Exercise directions: The copy you print must match the listing exactly, with its pictures removed.

Data extract:
>>>

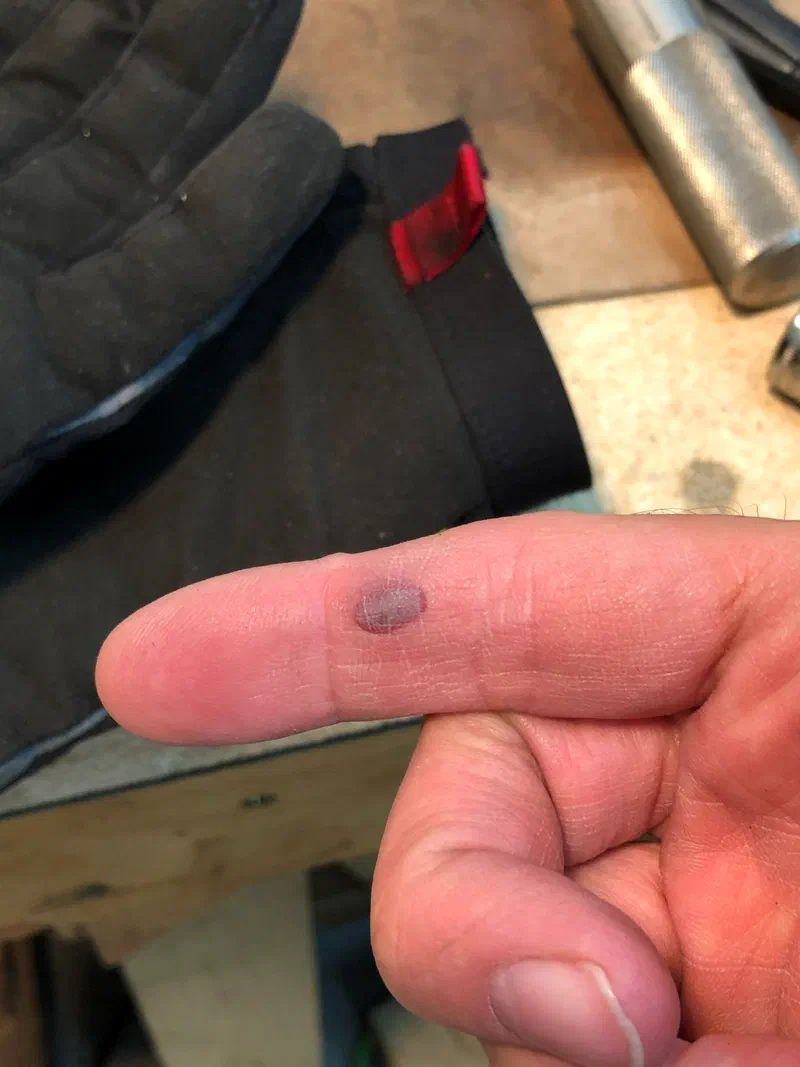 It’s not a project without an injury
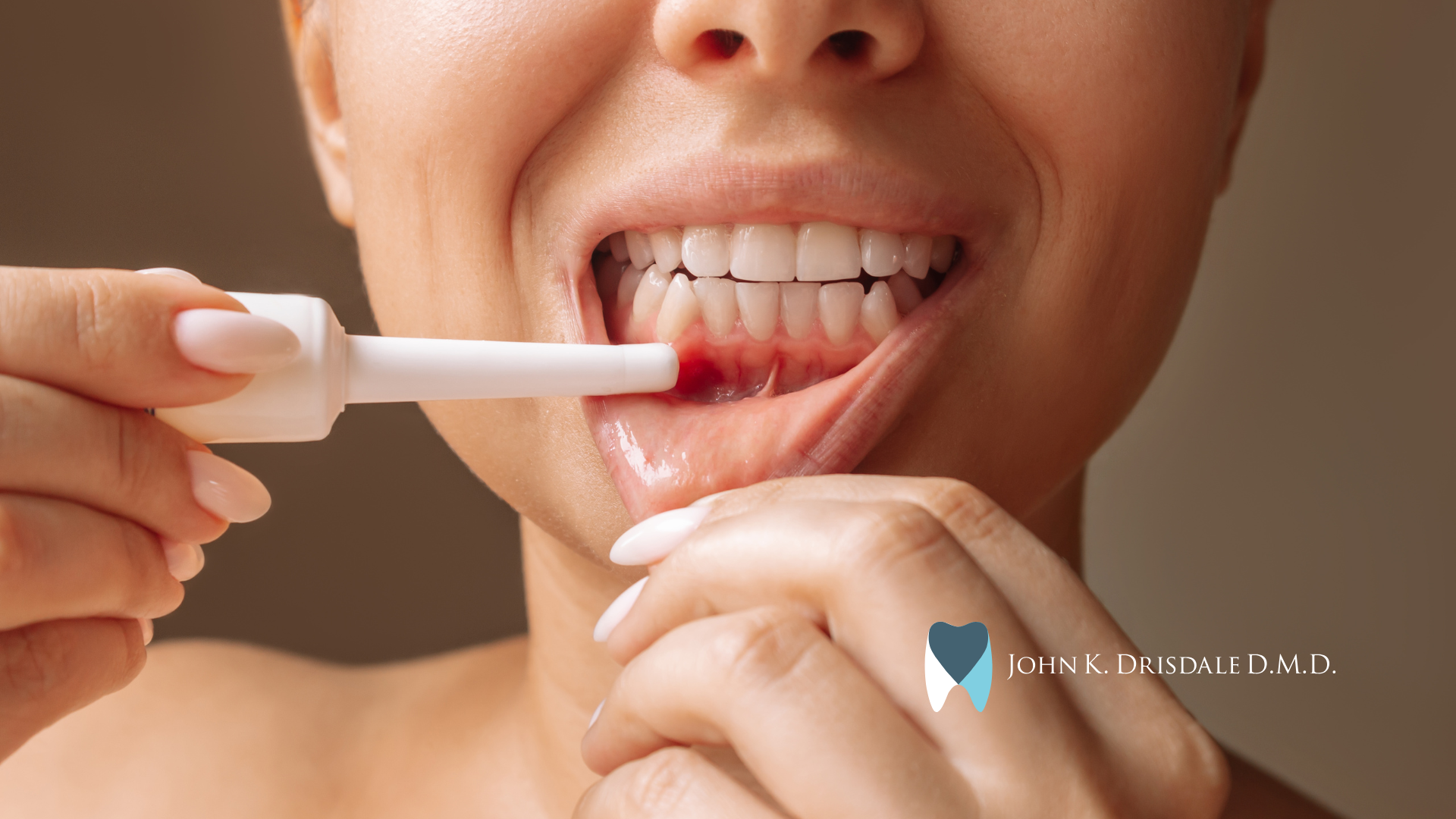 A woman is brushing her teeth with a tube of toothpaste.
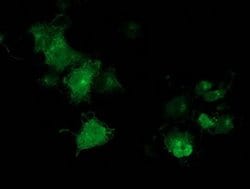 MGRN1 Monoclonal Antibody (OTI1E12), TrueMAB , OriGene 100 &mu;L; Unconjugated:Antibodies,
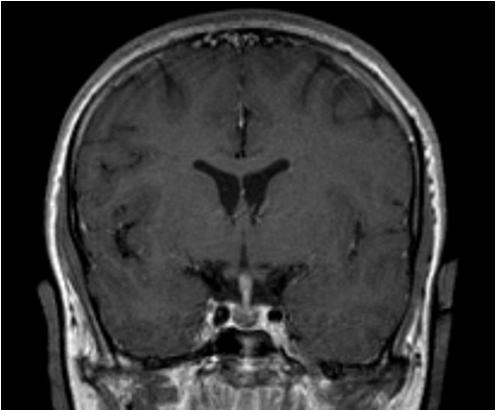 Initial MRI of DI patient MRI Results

<<<

Exercise response:
 It’s not a project without an injury
 A woman is brushing her teeth with a tube of toothpaste.
 MGRN1 Monoclonal Antibody (OTI1E12), TrueMAB , OriGene 100 &mu;L; Unconjugated:Antibodies,
 Initial MRI of DI patient MRI Results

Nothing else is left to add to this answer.